## [What you need to do]
Would you print the lines below exactly, beginning at the line that has "Pines, FL 33025" and stopping after the line that has "Scotrail Inter7City Departing"? Only those lines, and no pictures.

Start of Records for processing

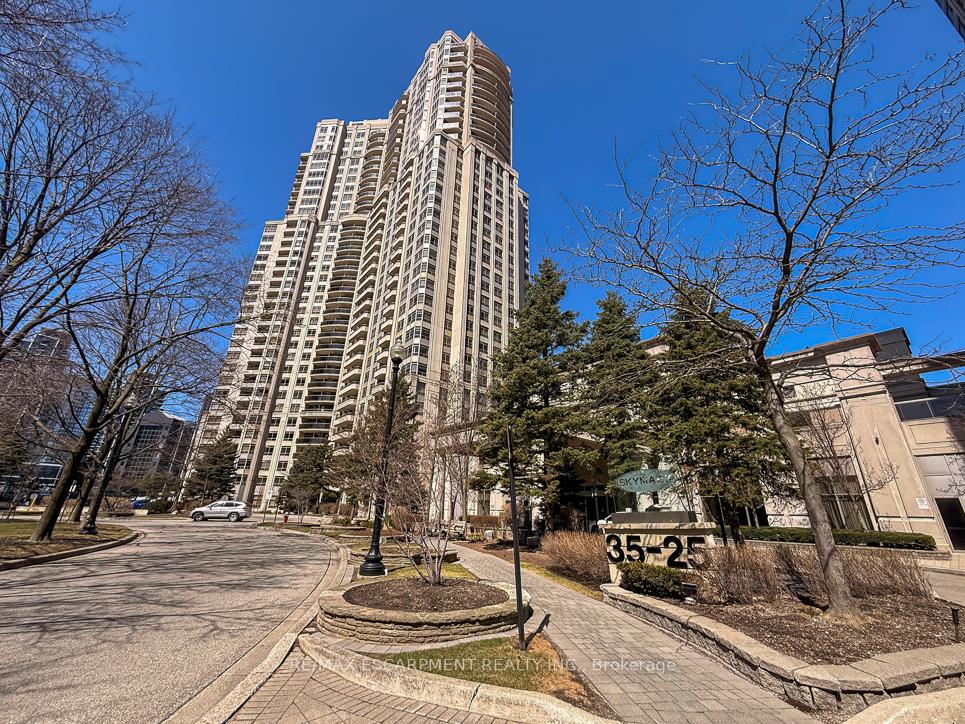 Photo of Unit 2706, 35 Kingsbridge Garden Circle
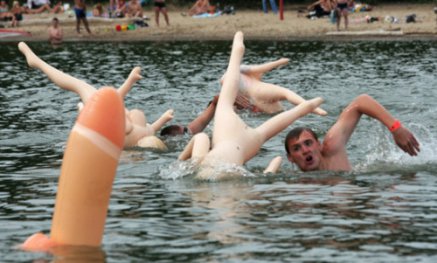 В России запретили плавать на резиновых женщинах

End of Records for processing
Start of Records for processing

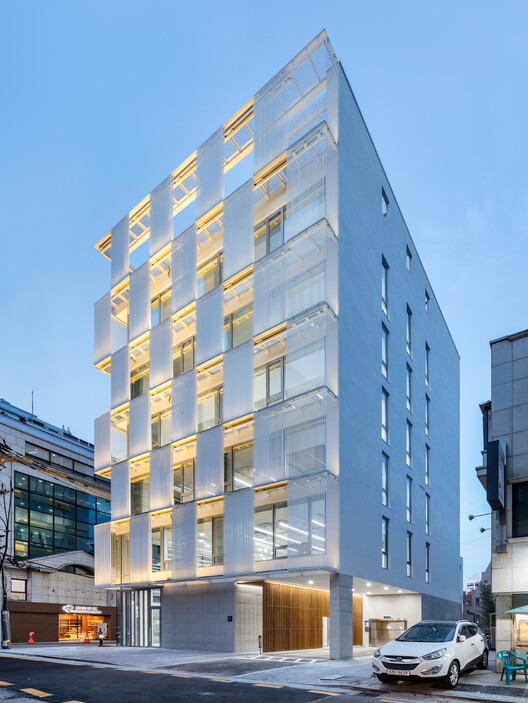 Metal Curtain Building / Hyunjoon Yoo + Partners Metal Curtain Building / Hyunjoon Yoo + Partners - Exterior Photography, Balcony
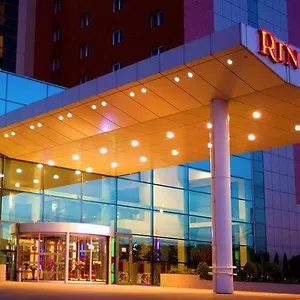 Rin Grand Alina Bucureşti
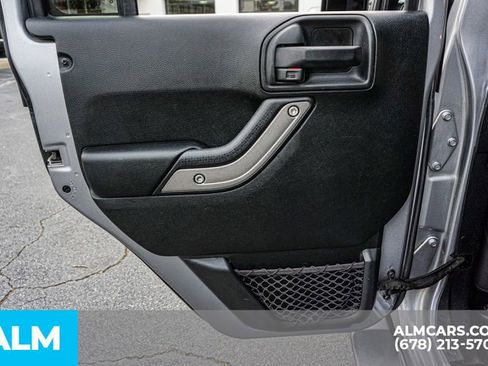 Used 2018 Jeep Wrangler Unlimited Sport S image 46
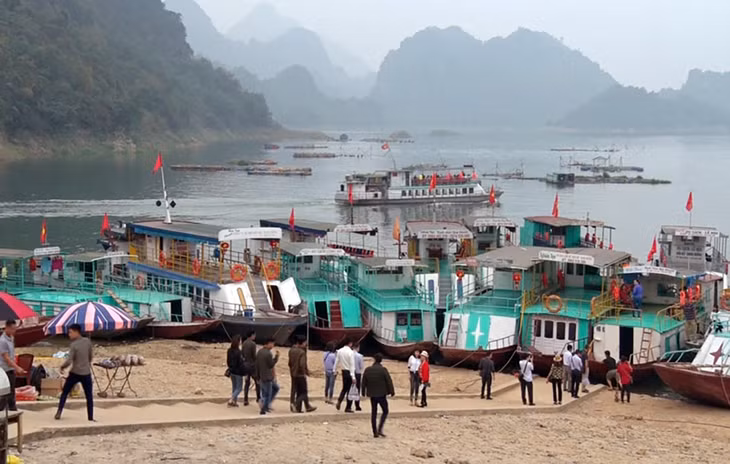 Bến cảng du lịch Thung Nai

End of Records for processing
Start of Records for processing

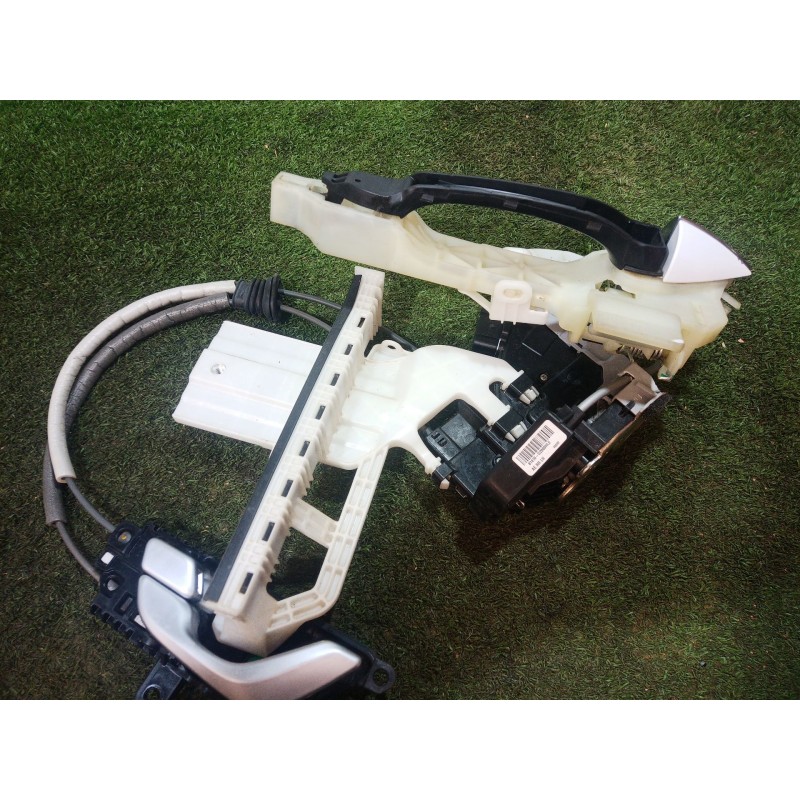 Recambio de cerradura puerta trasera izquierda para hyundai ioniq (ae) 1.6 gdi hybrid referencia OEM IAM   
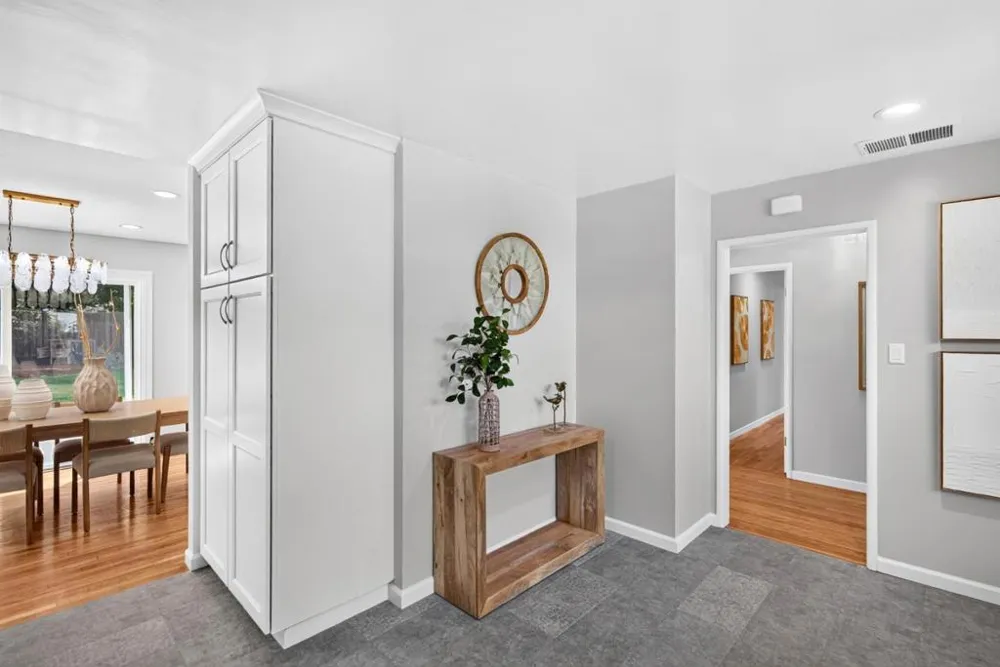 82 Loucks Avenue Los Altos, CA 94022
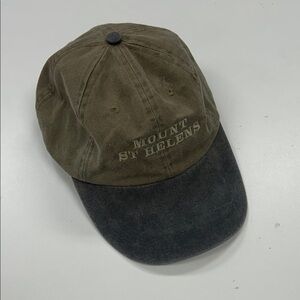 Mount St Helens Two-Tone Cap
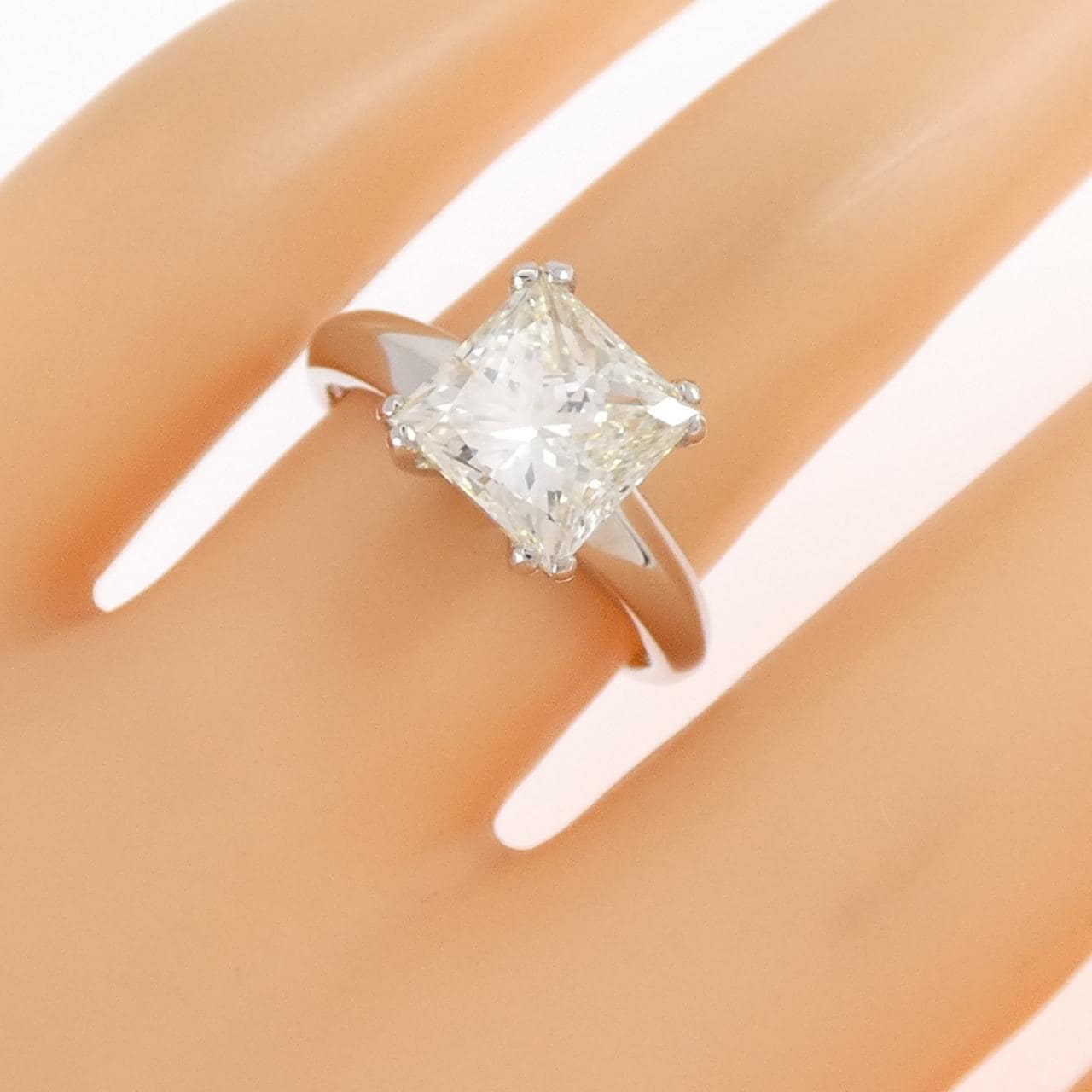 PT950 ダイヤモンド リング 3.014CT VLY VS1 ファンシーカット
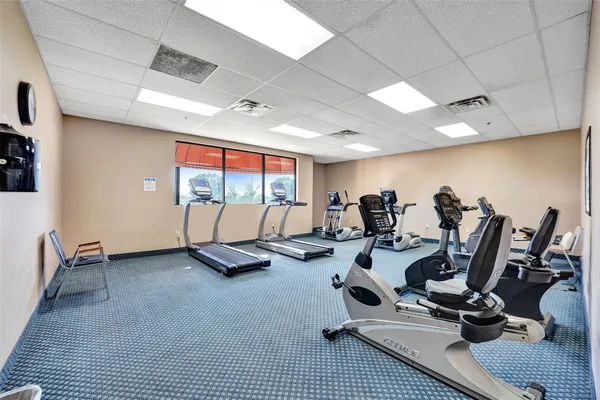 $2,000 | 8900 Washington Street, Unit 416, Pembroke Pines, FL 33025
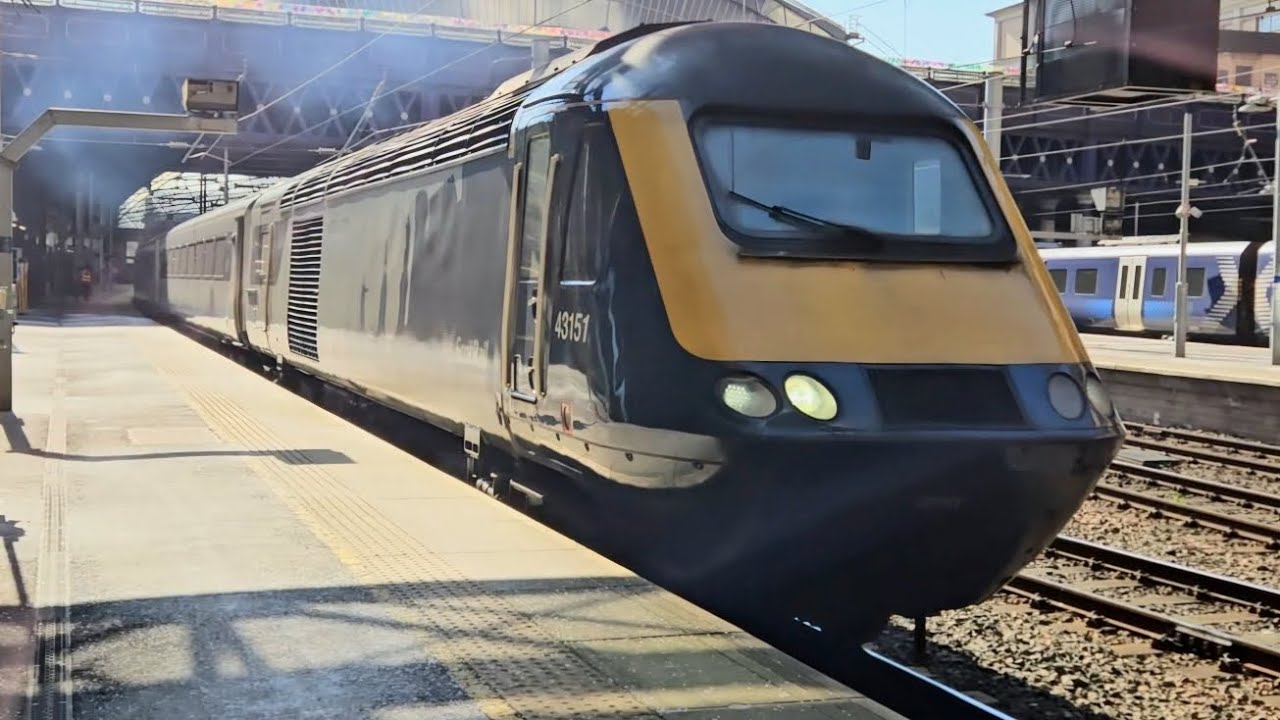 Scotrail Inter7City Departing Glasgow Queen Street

End of Records for processing

## [Answer space]
 $2,000 | 8900 Washington Street, Unit 416, Pembroke Pines, FL 33025
 Scotrail Inter7City Departing Glasgow Queen Street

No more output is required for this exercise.